### [Material provided]
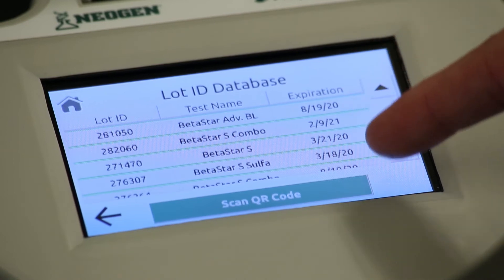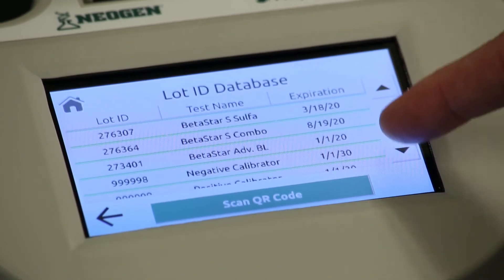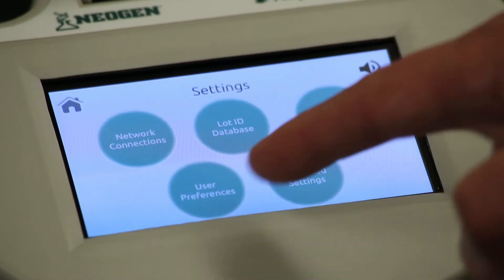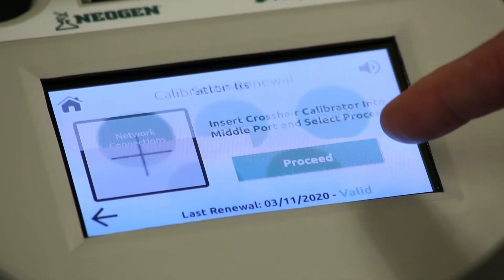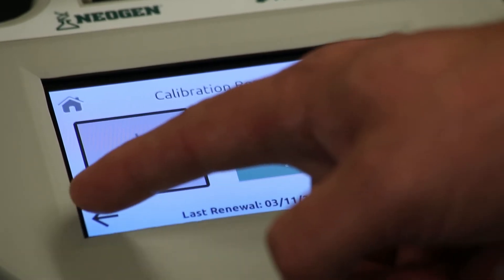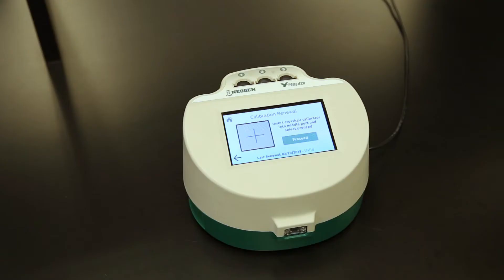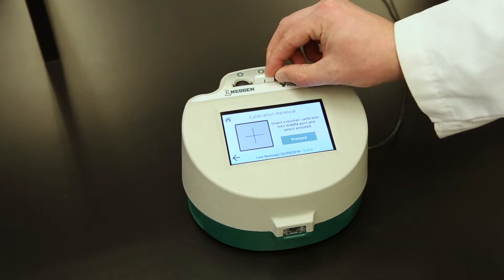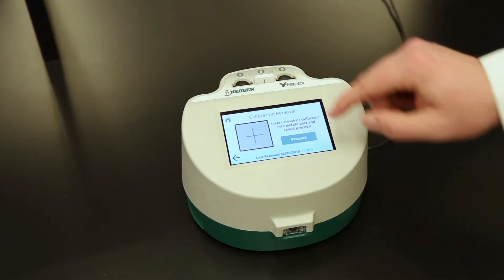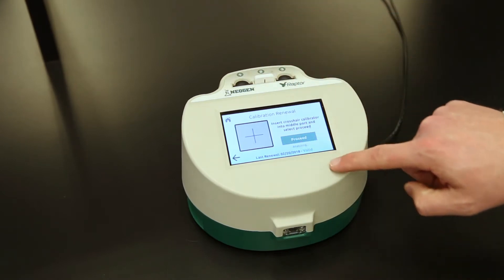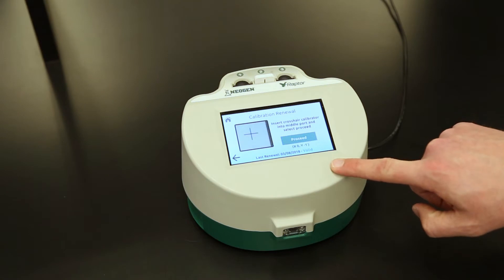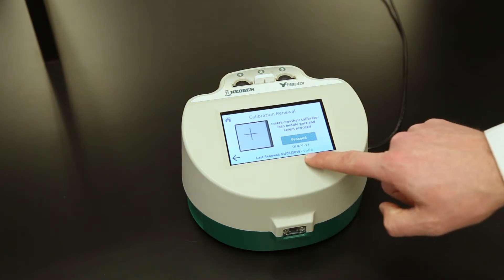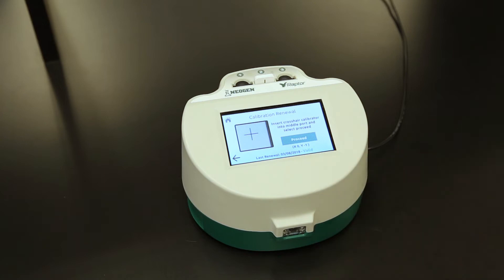Network connections and user preferences can be accessed directly from the home screen. The lot ID database is a record of all the test kit lots that have been added to the Raptor. Calibration renewal is performed once a year and takes only a few seconds. To calibrate, insert the included calibration device into the middle port and press proceed. The calibration will be updated and the current date will be added to the last renewal section.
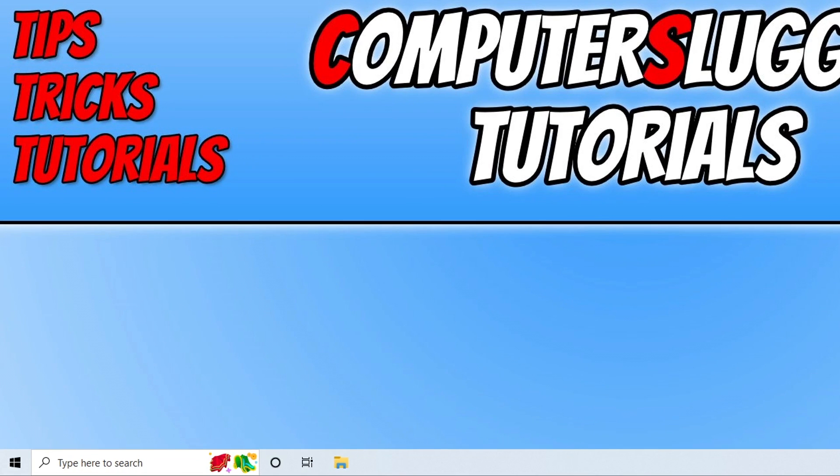As you can see in the bottom left hand corner at the moment it has an icon. If you don't like these icons then you can remove them.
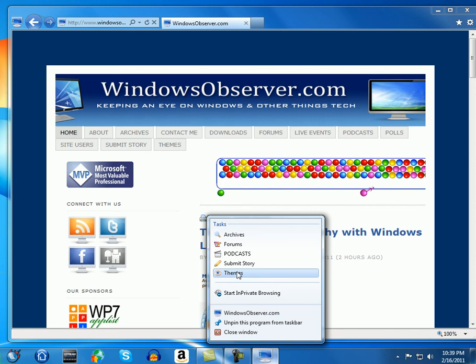Browse to the website, drag it to the taskbar like I just showed you, and you've got a pinned site on your taskbar with the great shortcut menus on the right click that help you get to different points of the website.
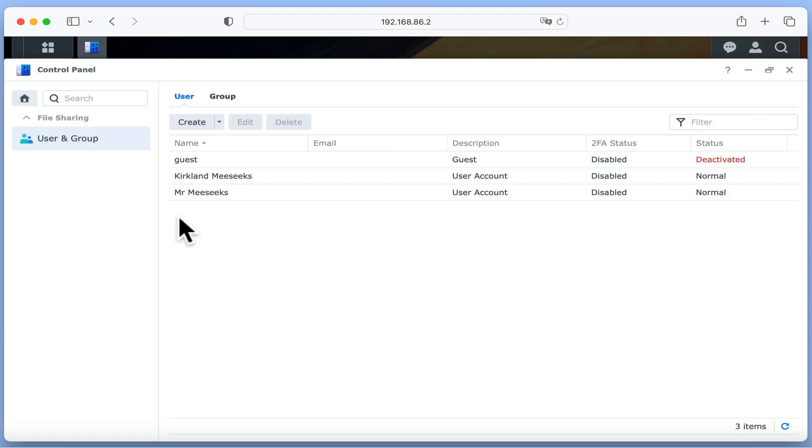When we select user and group, while we do not have access to the administrator's account, we do have access to all the standard user accounts on our NAS.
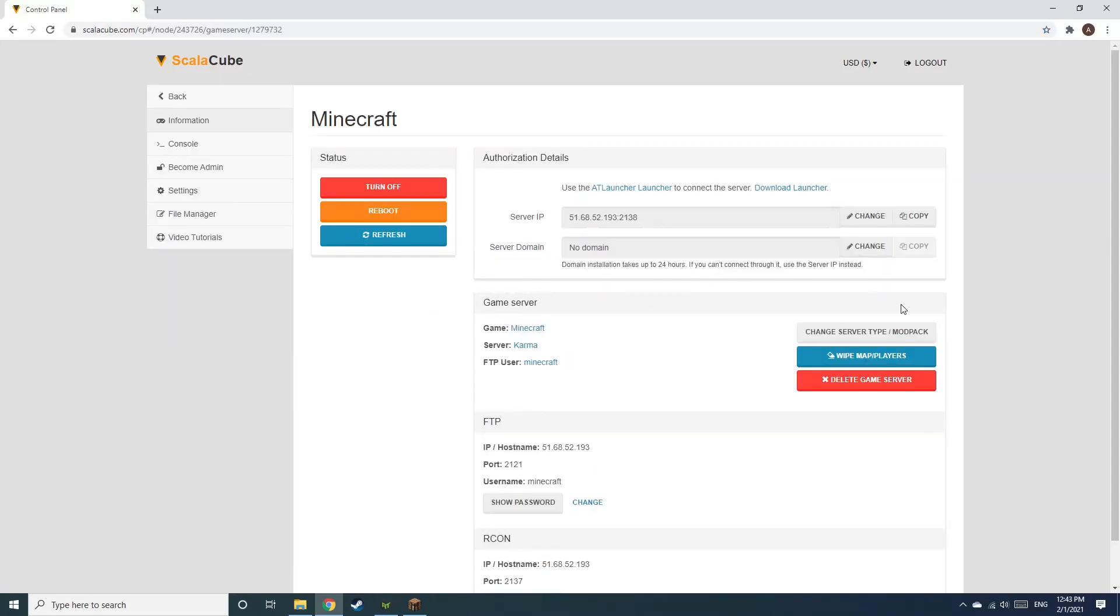Install the required client as shown here and launch it. Copy your IP address. Start up your client and connect to it using the copied IP address.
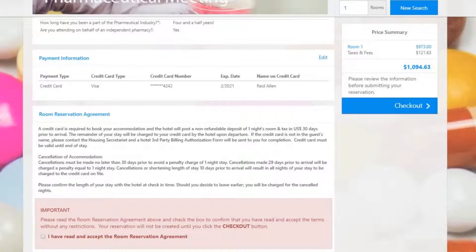Late cancellation fees, deposit charge timelines, etc., can all be stated here. The attendee must click on the checkbox labeled 'I have read and accept the room reservation agreement' before checking out.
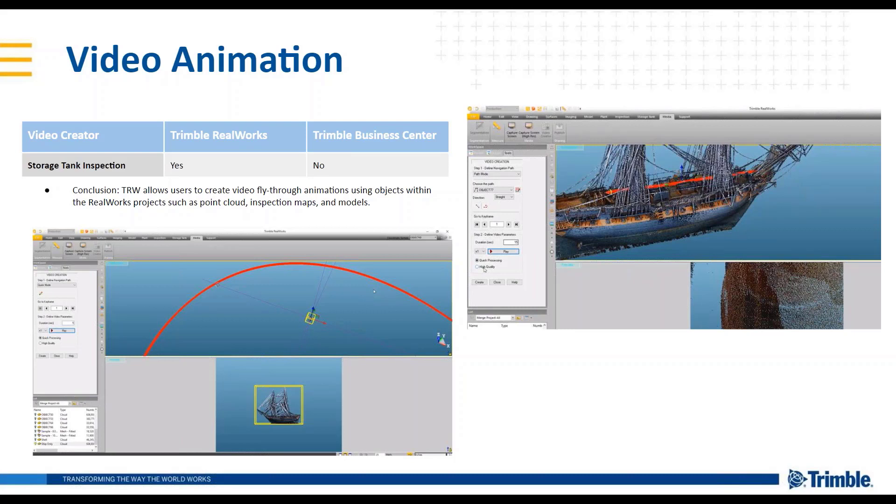And I know on the TVC side we've done some investigations as well into adding similar functionality. There is a way to do 3D drive views through your project that's alignment or line string based, and you can set design speed to experience what it would be like to drive along the road. There's just no way to export that out at this given time, but you can run it in TBC.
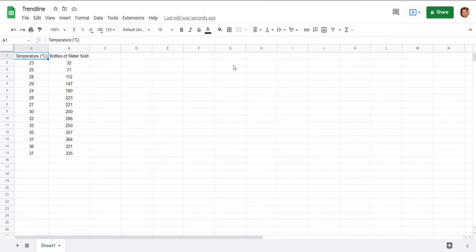In this tutorial I'm going to show you how to draw a scatter plot with a line of best fit using Google Sheets. So here's my data. This is the temperature of a number of days and the number of bottles of water sold at a venue.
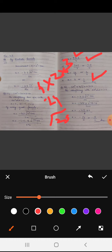Question number 2, second part: the equation is 4x squared plus 4 root 3 x plus 3 equals 0. Again we compare this equation with ax squared plus bx plus c equals 0 to calculate the values of a, b, and c. Then we apply the quadratic formula and put in the values. We get the step: minus 4 root 3 plus or minus 0 upon 8. Simplifying: minus 4 root 3 plus 0 upon 8 equals minus root 3 upon 2, or minus 4 root 3 minus 0 upon 8 which also equals minus root 3 upon 2.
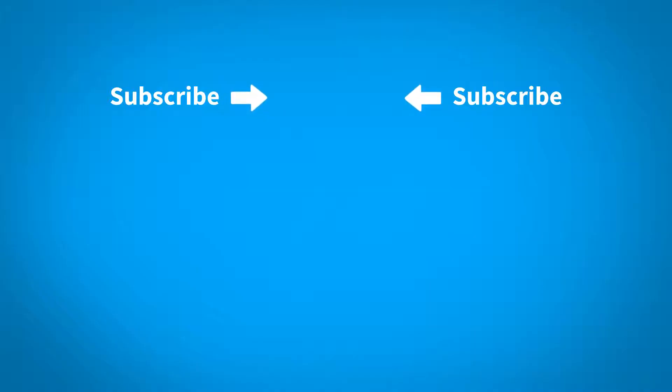To subscribe and get updates whenever we post new content, click the icon in the center of the screen. To view more quick tips and webinars, click the thumbnails below.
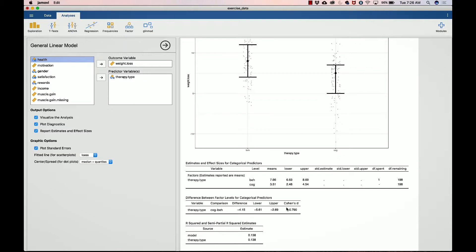That is our Cohen's D. Remember, our Cohen's D benchmarks are around 0.2 is considered a small effect, 0.5 plus or minus is considered a medium effect, and 0.8 is considered a large effect. So basically we have a large effect. It seems like the difference between cognitive and behavior is pretty big.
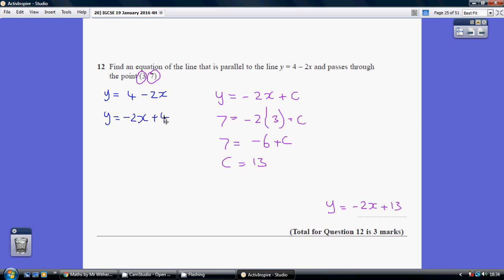So, we know that our gradient is minus 2 for our parallel line, because obviously parallel lines have the same gradient. Starting from afresh, again really starting from y equals mx plus c — our skeleton we use — we know our gradient is going to be minus 2. So, y equals minus 2x plus c.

### [Action item]
Using the listing above, restate exactly the range between the lines holding "Question number 2, second" and "To subscribe and", inclusive, with pictures left out.

### [Response area]
Question number 2, second part: the equation is 4x squared plus 4 root 3 x plus 3 equals 0. Again we compare this equation with ax squared plus bx plus c equals 0 to calculate the values of a, b, and c. Then we apply the quadratic formula and put in the values. We get the step: minus 4 root 3 plus or minus 0 upon 8. Simplifying: minus 4 root 3 plus 0 upon 8 equals minus root 3 upon 2, or minus 4 root 3 minus 0 upon 8 which also equals minus root 3 upon 2.
To subscribe and get updates whenever we post new content, click the icon in the center of the screen. To view more quick tips and webinars, click the thumbnails below.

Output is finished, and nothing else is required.